Day-McKellar had sold Hamel 10 percent of the prep school company, “and we had different operating styles. We decided to dissolve our partnership,” she said Monday.

She said the partnership, which ended in December, was “amicable” and: “We just didn’t need to be business partners.”  The civil suit didn’t have a role in the school closing, she said.

But Day-McKellar said she and the building’s landlord had both invested $300,000 into remodeling its 9,600 square feet of space.

Day-McKellar, whose plans were profiled in late July, was born at La Mesa’s Grossmont Hospital in 1970. She attended Rolando Elementary and Monte Vista High School, graduating in 1987 at age 16. After San Diego State, she taught in the early 1990s in the La Mesa-Spring Valley School District. She earned her SDSU master’s degree in 1998.

The bank where the school operated had been mostly empty for seven years, with only Barbecues Galore renting partial space. It had been vacant for a year.

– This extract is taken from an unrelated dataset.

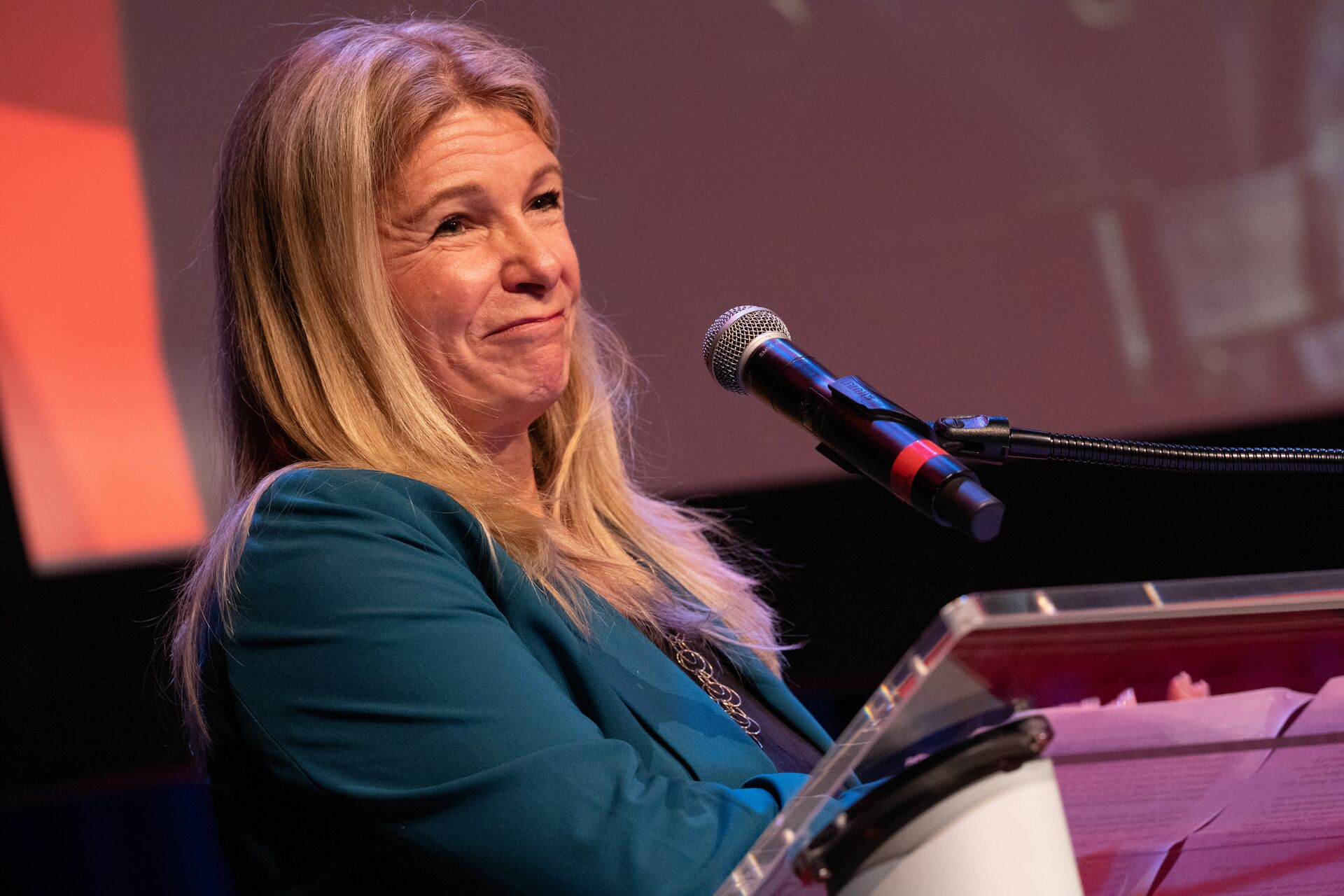 Center's executive director smiling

In June 2011, the leasing agents Cushman & Wakefield announced that Day-McKellar Preparatory School had signed a 120-month, $1,76 million lease for the building at 5300 Jackson Drive.

“The lessor, The Dechant Family Trust, was represented by John Jennings and David Bradley of the Cushman & Wakefield Retail Advisors Team,” said an online posting.

Over the weekend, a red-and-white sign went up outside the school, saying “For Lease” and listing a phone number for agents David Bradley and John Jennings.